Frédéric Leguay
Head of Fundamental Equities
Ostrum Asset Management
Xavier-André Audoli
CIO for Insurance and Institutional Asset Management
Ostrum Asset Management
The past 25 years has produced impressive returns for those with the nerve to hold on for the long run. But after years of low rates and strong returns, 2025 feels anything but predictable. Ongoing wars, shifting trade relations, persistent inflation, and renewed market volatility have investors on edge. And it’s impact is being felt across all asset classes.
In this Q&A, two experts from Ostrum Asset Management – Xavier-André Audoli, CIO for Insurance and Institutional Asset Management, and Frédéric Leguay, Head of Fundamental Equities – answer questions based on some of the responses of our recent Global Survey of Individual Investors1, to see if investor’s expectations align with our experts’ perceptions of equities and fixed income markets.
With 70% of investors that we surveyed saying the world feels unstable and they’re worried about their finances, what would you say to convince them to stay invested?
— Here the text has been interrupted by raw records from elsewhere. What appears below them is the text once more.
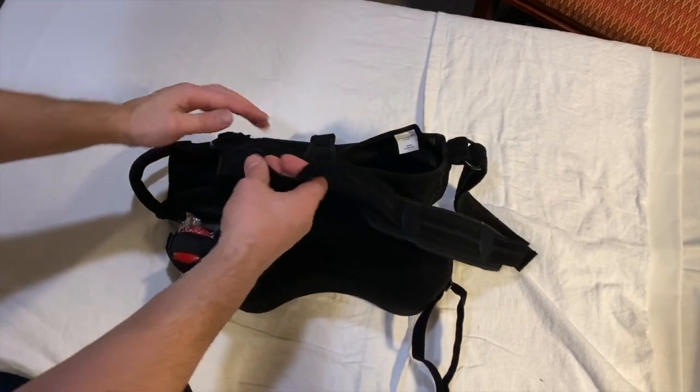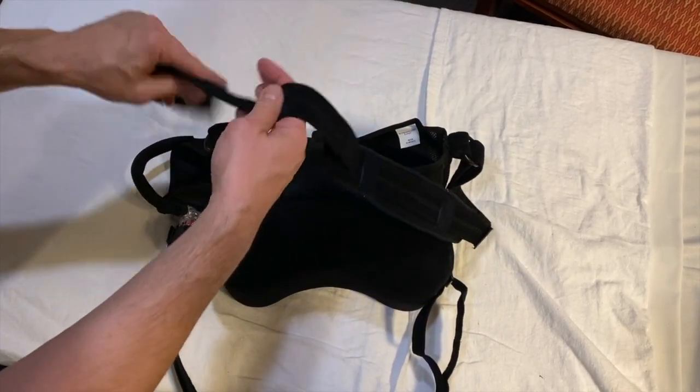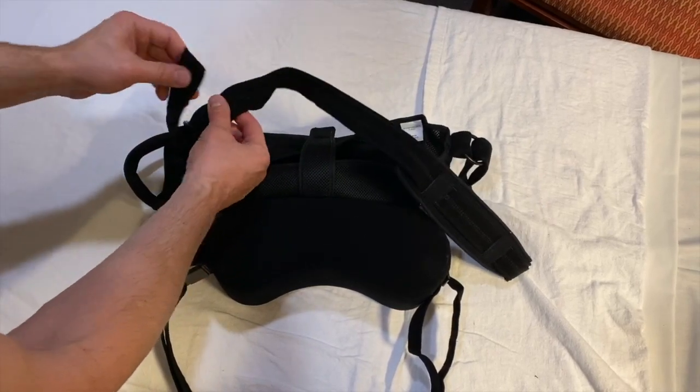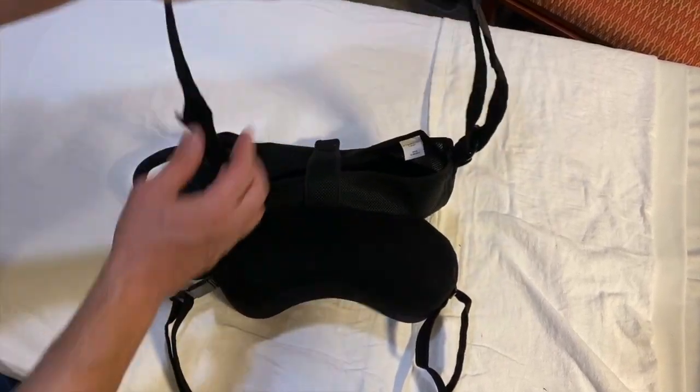The first thing I would say is if you take your sling off and just kind of look at it, there's a bunch of straps. Each strap on the shoulder harness has Velcro that can make it tighter for you.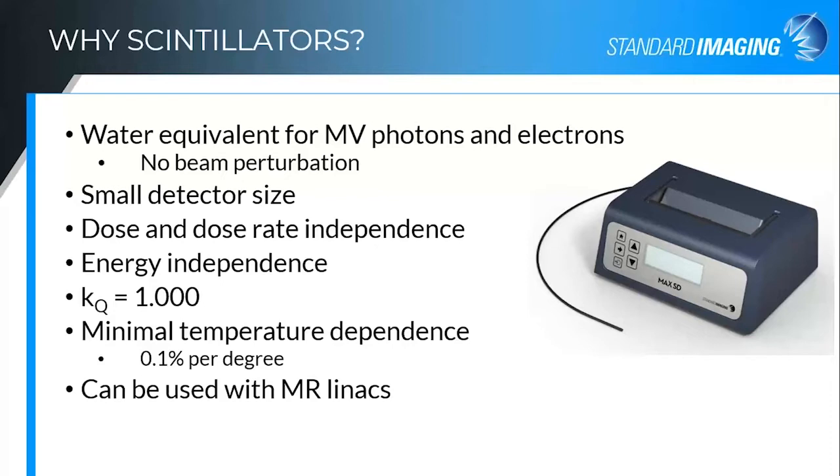Scintillators can be made small so that you can get good resolution for those small fields. We have not seen dose or dose rate dependencies with these detectors across the range of therapeutic dose rates that we use for radiotherapy. The beam quality correction factor is unity, which is huge. As energies and spectra change as you are changing your field size on these very small fields, you can no longer just use one beam quality correction factor for your, say, 6 MV beam, because it is affected by source obscuring as you get into those small fields. So having that quality correction factor equal to unity is a very big advantage for the scintillator over other detectors.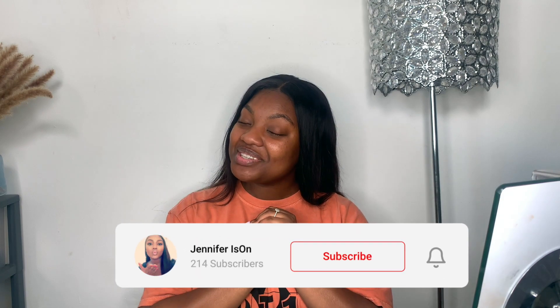For those who are new to my channel, welcome! My name is Jennifer Ison and I'll be uploading twice a week, Wednesdays and Sundays. For those who are returning, as always thank you so much for watching another one of my videos.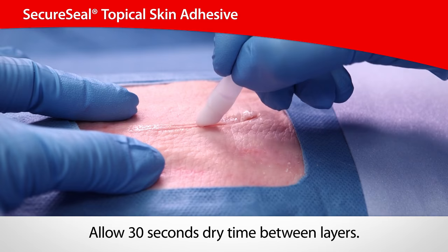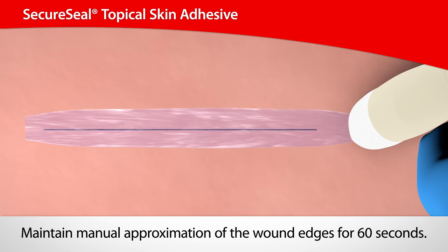Apply the liquid topical skin adhesive in one thick continuous layer or two thin layers. If two thin layers are applied, allow 30 seconds dry time in between layers. Allow the adhesive to polymerize.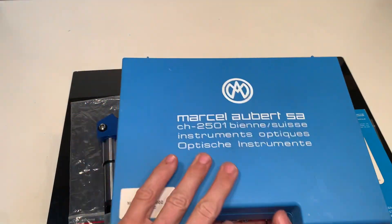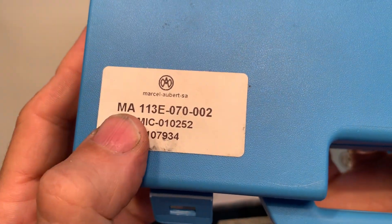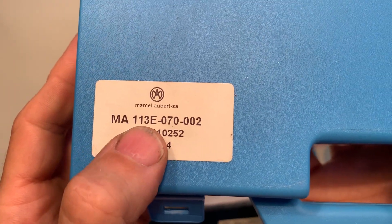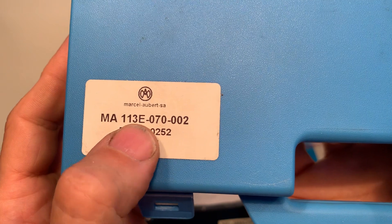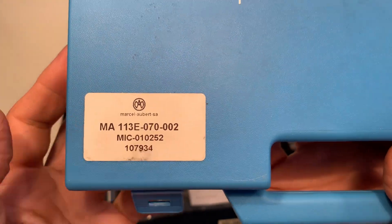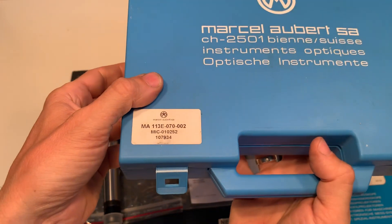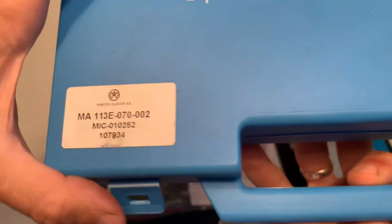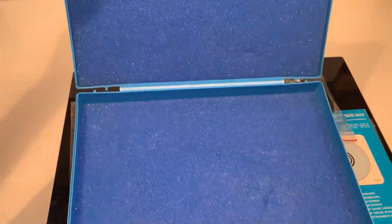It comes in the box and this is the number here. The 'MA' is probably standing for Marcel Albert, 113E. The 'E' is standing for the integrated light. The rest of the serial number I don't know — probably something about the size.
Xavier-André Audoli (XAA): Disoriented by a world full of geopolitical and macroeconomic uncertainties, some investors may be tempted to leave equities or bonds for less risky asset classes such as cash. This is understandable. Nevertheless, market volatility, which is the financial translation of this uncertainty, can be a source of investment opportunities. Potential low valuations periods can also be used as entry points or to strengthen an exposure.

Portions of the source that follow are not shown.